= Telalak =

District of Afar Region, Ethiopia

Telalak is one of the Districts of Ethiopia, or woredas, in the Afar Region of Ethiopia. Part of the Administrative Zone 5, Telalak is located near the base of the eastern escarpment of the Ethiopian Highlands, and bordered on the south by Dewe, on the west by the Amhara Region, on the north by the Administrative Zone 1, and on the east by the Administrative Zone 3. The largest settlement in this woreda is Namelafen.

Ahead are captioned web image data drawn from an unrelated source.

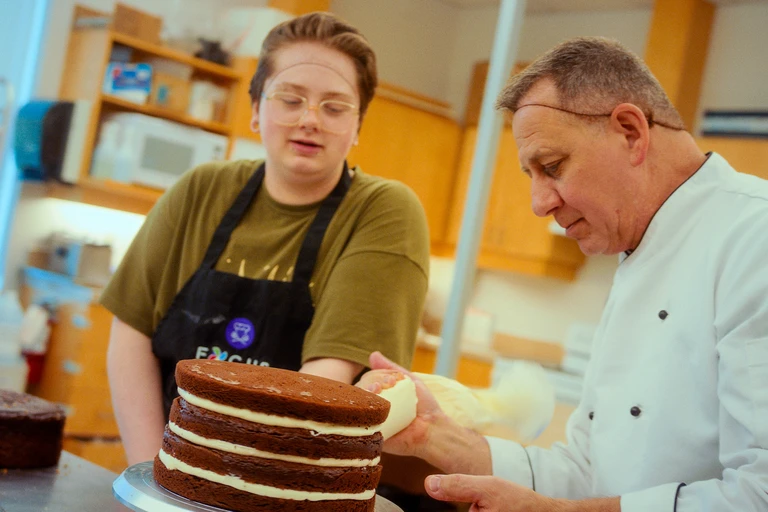 Chef Claude avec un élève, qui font un gâteau étagé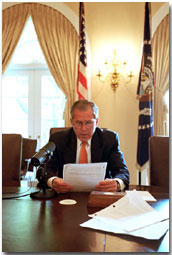 President George W. Bush records the weekly radio address for Cinco de Mayo in the Cabinet Room. This is the first time that a president has recorded the radio address in Spanish and in English. WHITE HOUSE PHOTO BY ERIC DRAPER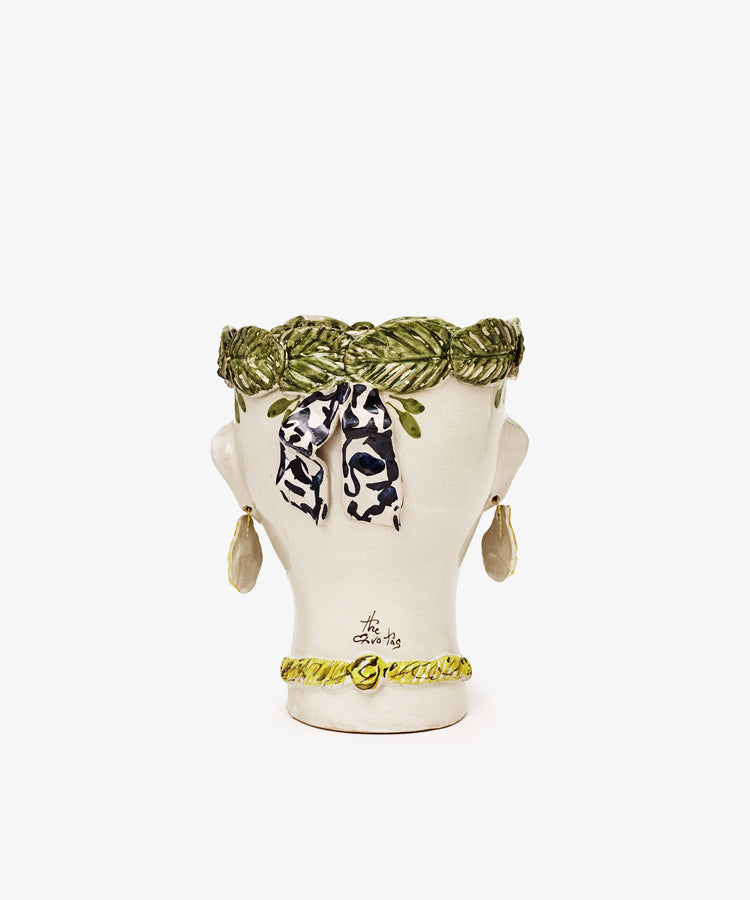 Testa di Moro, Alfonsina: a sculptural ceramic bust with a green braided headband, leaf earrings, green necklace, and black-and-white ribbon—perfect as unique homeware inspired by classic Testa di Moro heads.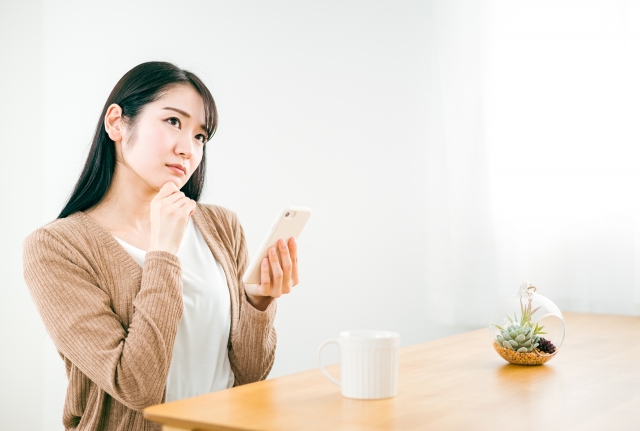 スマートフォンを手に、思案顔で考え込む女性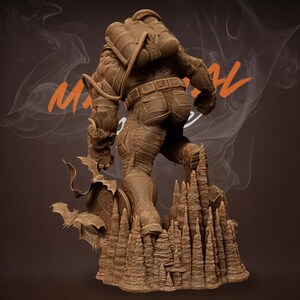 May include: A brown statue of a figure in a diving suit, standing on a rocky formation with bats. The figure has a backpack and is facing away from the viewer. The statue is detailed and textured, with a rugged appearance. The background has the word "MAGICAL" in orange.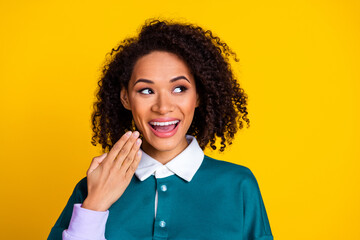 Photo of ecstatic woman with perming coiffure dressed stylish shirt look at proposition empty space isolated on yellow color background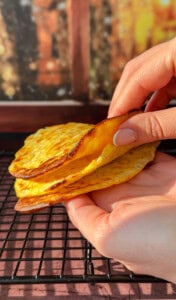 A hand holds up two golden, slightly crispy 2 Ingredient Cottage Cheese Wraps over a cooling rack, with a blurred background of warm colors.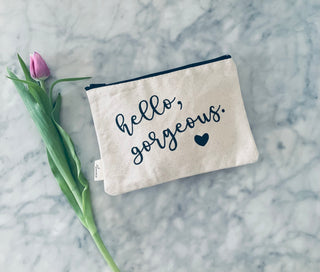 A lifestyle shot of the "hello gorgeous" canvas makeup bag with a tulip next to it.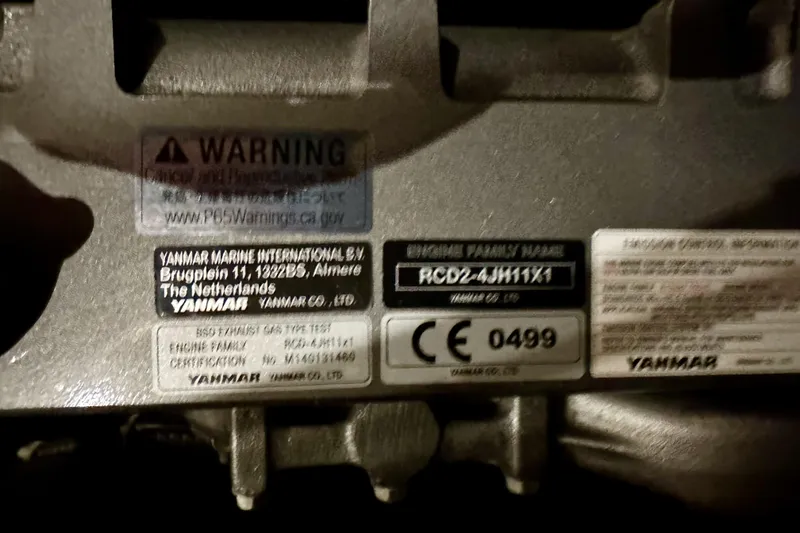 Slide: The Image of Yanmar engine label on a 2021 Beneteau Oceanis 55.1 sailboat, showing warning and certification details. - 93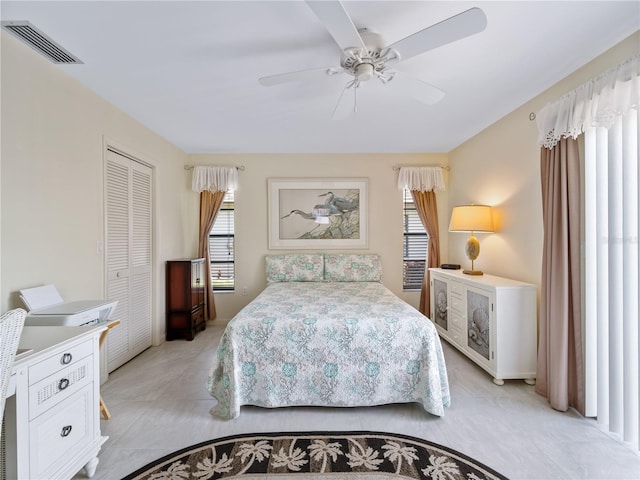 bedroom featuring ceiling fan, multiple windows, and a closet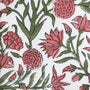 Close-up of red and green floral embroidered scalloped edge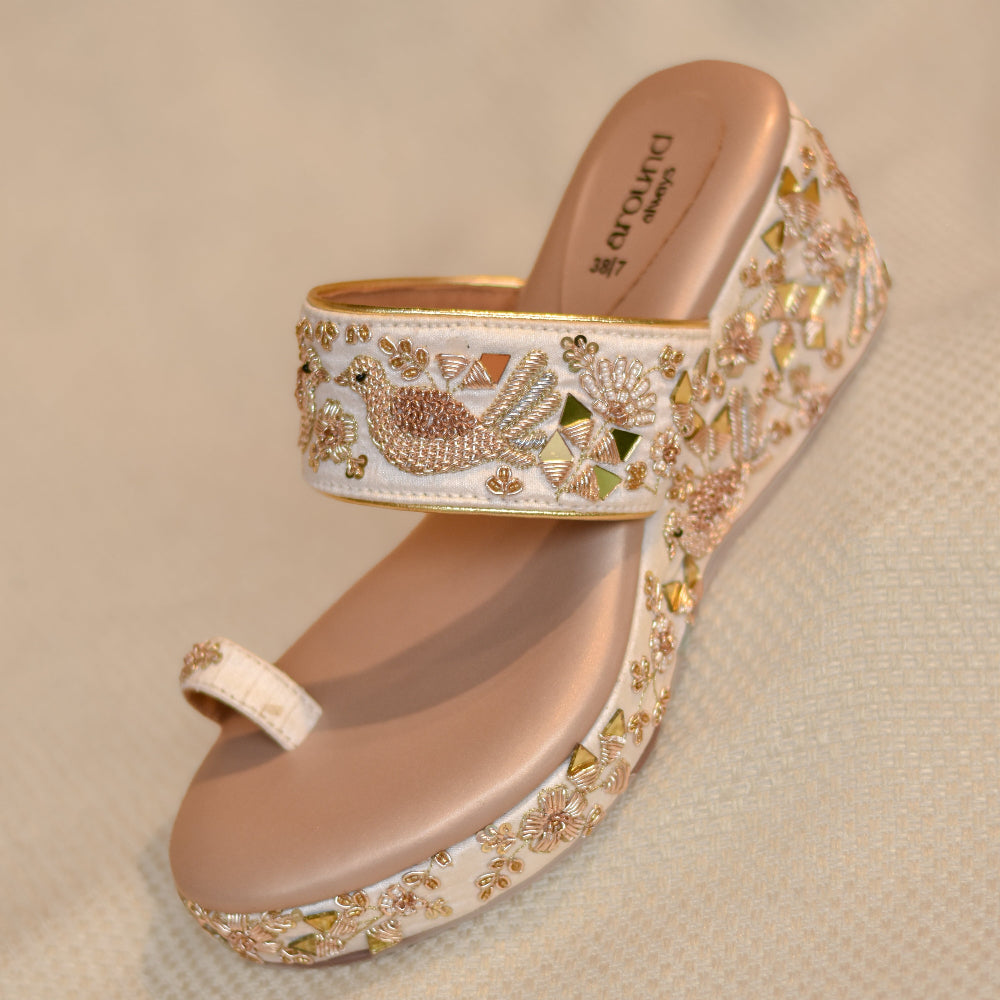 Ivory toe-ring wedge sandals with embroidered peacock motifs and mirror detailing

The average elevation in this woreda is 720 meters (2362 feet) above sea level. As of 2008, Telalak has 47 kilometers (29 miles) of all-weather gravel road and 71 kilometers (44 miles) of community roads; about 29% of the total population has access to drinking water.

== Demographics ==
Based on the 2007 Census conducted by the Central Statistical Agency of Ethiopia (CSA), this woreda has a total population of 37,970, of whom 22,395 are men and 15,575 women; with an area of 1,261.84 square kilometers (487.2 square miles), Telalak has a population density of 30.09 people per square kilometer (77.94 people per square mile). While 1,950 or 5.14% are urban inhabitants, a further 18,796 or 49.50% are pastoralists. A total of 5,447 households were counted in this woreda, which results in an average of 7.0 persons to a household, and 5,732 housing units. 99.73% of the population said they were Muslim.